Les dépens sont provisoirement laissés à la charge de M. [N].
PAR CES MOTIFS :
Statuant publiquement, par ordonnance contradictoire, rendue par mise à disposition au greffe, en premier ressort :
Vu l’article 145 du code de procédure civile,
Donnons acte à M. [P] [U] de ses protestations et réserves ;
Ordonnons une expertise confiée à :
M. [X] [K]
[Adresse 5]
[Localité 4]
Mail : [Courriel 1]
expert près la cour d’appel de [Localité 1], avec mission de :
1. Convoquer les parties ;
2. Se rendre au lieu de stationnement du véhicule de M. [N] demeurant [Adresse 6] à [Localité 5] ou faire transporter le véhicule dans un lieu adapté à l’expertise ;
3. Entendre les parties en leurs explications et se faire remettre tous les documents et pièces qu’il jugera nécessaires pour assumer sa mission, devis, factures, commandes de pièces, contrôle technique, diagnostic ;
4. S’entourer de tous renseignements, à charge d’en indiquer la source, en entendant toute personne en qualité de sachant, à charge de reproduire ses dires et son identité, et en demandant s’il y a lieu l’avis de tout spécialiste de son choix ;
5. Examiner le véhicule litigieux Citroën Xsara Picasso immatriculé [Immatriculation 1] et les documents fournis par les parties ;
6. Etablir un historique du véhicule depuis sa première mise en circulation, retracer l’historique des réparations et interventions, déterminer le kilométrage du véhicule ;
7. Déterminer l’origine et la cause des désordres ayant affecté le véhicule ;
8. Préciser si le véhicule était atteint de défauts de quelque nature qu’ils soient au moment de la vente ;
9. Dire si ces défauts étaient visibles lors de l’achat par un non-professionnel ;
10. Dire si les désordres rendent le véhicule impropre à sa destination ou en diminuent son usage ;
11. Dire si le véhicule est réparable et décrire les travaux éventuellement nécessaires à la réfection et en chiffrer, le cas échéant, le coût de la remise en état ;
12. Fournir tous les renseignements et éléments techniques propres à permettre à la juridiction saisie de déterminer la responsabilité encourue ainsi que la nature et le quantum des préjudices subis par le demandeur ;
Disons que l’expert pourra s’adjoindre tout spécialiste de son choix, à charge pour lui d’en informer préalablement le magistrat chargé du contrôle des expertises et de joindre l’avis du sapiteur à son rapport ;
Disons que l’expert devra communiquer un pré-rapport aux parties en leur impartissant un délai raisonnable pour la production de leurs dires et écrits auxquels il devra répondre dans son rapport définitif ;
Disons toutefois que lorsque l’expert a fixé aux parties un délai pour formuler leurs observations ou réclamations, il n’est pas tenu de prendre en compte celles qui lui auraient été faites après l’expiration de ce délai à moins qu’il n’existe une cause grave et dûment justifiée, auquel cas il en est fait rapport au juge (article 276 alinéa 2 du code de procédure civile) ;
Fixons la provision à la somme de 2 000 € concernant les frais d’expertise qui devra être consignée par M. [Z] [N] à la régie du tribunal au plus tard le 17 janvier 2026.

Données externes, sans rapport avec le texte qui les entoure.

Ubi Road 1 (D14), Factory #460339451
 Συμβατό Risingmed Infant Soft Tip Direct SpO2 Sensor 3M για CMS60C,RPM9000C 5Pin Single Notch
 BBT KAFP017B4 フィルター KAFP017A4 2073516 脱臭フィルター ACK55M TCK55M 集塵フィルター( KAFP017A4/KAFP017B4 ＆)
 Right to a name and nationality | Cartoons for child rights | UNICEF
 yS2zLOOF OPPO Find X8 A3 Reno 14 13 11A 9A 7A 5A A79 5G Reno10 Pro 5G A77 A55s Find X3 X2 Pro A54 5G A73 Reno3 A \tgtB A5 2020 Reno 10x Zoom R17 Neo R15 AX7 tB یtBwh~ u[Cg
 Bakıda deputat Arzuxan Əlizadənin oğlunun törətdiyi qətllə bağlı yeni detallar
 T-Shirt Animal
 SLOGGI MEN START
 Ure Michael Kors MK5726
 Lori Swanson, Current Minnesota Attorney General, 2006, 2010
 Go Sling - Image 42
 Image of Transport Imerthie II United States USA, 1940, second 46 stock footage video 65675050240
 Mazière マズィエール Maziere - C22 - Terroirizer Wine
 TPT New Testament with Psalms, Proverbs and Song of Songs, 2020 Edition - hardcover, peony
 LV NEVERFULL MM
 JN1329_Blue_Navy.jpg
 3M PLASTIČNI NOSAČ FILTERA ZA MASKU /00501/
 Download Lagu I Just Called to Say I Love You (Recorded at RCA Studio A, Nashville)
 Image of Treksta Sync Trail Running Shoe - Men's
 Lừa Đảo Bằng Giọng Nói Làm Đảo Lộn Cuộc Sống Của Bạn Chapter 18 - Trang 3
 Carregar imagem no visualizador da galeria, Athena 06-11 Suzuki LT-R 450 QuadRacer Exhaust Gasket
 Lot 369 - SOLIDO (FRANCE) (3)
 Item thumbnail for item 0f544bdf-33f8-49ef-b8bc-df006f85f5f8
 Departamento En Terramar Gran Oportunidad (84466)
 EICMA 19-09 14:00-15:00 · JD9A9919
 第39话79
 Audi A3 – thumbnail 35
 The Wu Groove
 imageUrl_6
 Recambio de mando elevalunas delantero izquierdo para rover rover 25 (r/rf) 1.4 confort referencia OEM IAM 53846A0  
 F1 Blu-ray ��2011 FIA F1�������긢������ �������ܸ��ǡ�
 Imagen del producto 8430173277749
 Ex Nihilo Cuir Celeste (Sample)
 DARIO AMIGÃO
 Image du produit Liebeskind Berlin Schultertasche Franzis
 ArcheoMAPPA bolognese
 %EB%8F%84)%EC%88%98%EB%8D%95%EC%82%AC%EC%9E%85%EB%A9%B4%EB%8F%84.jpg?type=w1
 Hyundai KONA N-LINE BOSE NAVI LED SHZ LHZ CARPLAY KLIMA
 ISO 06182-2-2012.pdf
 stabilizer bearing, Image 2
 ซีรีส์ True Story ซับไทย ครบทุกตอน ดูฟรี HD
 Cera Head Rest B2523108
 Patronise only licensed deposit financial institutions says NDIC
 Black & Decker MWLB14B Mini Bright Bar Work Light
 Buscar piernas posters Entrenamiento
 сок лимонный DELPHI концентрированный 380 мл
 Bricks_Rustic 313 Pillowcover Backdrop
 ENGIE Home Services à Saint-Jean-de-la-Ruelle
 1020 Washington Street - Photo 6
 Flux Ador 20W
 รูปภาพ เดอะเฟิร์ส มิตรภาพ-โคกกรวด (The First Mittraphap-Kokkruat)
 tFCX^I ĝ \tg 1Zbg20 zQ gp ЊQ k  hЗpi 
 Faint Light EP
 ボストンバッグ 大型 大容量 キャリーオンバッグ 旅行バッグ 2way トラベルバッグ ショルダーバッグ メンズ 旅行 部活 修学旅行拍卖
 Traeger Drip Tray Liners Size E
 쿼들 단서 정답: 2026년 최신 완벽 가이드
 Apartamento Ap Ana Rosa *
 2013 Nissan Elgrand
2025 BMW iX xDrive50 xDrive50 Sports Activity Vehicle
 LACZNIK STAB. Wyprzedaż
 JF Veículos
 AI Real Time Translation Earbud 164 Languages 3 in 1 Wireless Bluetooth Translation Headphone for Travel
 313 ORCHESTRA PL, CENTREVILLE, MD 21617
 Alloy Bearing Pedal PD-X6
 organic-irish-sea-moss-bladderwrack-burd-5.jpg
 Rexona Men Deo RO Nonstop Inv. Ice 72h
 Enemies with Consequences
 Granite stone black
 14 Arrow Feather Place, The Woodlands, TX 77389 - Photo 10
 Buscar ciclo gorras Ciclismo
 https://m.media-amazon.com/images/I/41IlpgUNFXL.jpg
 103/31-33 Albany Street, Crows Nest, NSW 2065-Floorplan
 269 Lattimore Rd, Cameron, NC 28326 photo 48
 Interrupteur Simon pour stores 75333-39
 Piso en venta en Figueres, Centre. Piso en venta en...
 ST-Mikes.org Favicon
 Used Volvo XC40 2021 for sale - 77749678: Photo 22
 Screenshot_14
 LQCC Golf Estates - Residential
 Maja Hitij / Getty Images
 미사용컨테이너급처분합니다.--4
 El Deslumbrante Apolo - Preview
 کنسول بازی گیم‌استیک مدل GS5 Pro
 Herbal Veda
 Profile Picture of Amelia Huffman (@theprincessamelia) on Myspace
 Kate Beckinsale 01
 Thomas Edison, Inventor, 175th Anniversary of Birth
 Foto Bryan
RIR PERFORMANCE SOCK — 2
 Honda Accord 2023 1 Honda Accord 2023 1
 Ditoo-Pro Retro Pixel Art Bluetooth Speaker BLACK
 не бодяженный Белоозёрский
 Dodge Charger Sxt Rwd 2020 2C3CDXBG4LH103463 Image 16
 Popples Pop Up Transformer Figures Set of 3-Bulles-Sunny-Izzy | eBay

Disons que faute de consignation de la provision dans ce délai impératif, ou demande de prorogation sollicitée en temps utile, la désignation de l’expert sera caduque ;
Disons que l’expert sera saisi et effectuera sa mission conformément aux dispositions des articles 232 à 248, 263 à 284-1 du code de procédure civile et qu’il déposera l’original de son rapport au greffe du tribunal judiciaire avant le 30 juin 2026, sauf prorogation de ce délai dûment sollicitée en temps utile de manière motivée auprès du juge du contrôle ;
Disons que l’exécution de la mesure d’instruction sera suivie par le juge du service du contrôle des expertises, spécialement désigné à cette fin en application des articles 155 et 155-1 du même code ;
Condamnons provisoirement M. [Z] [N] aux dépens.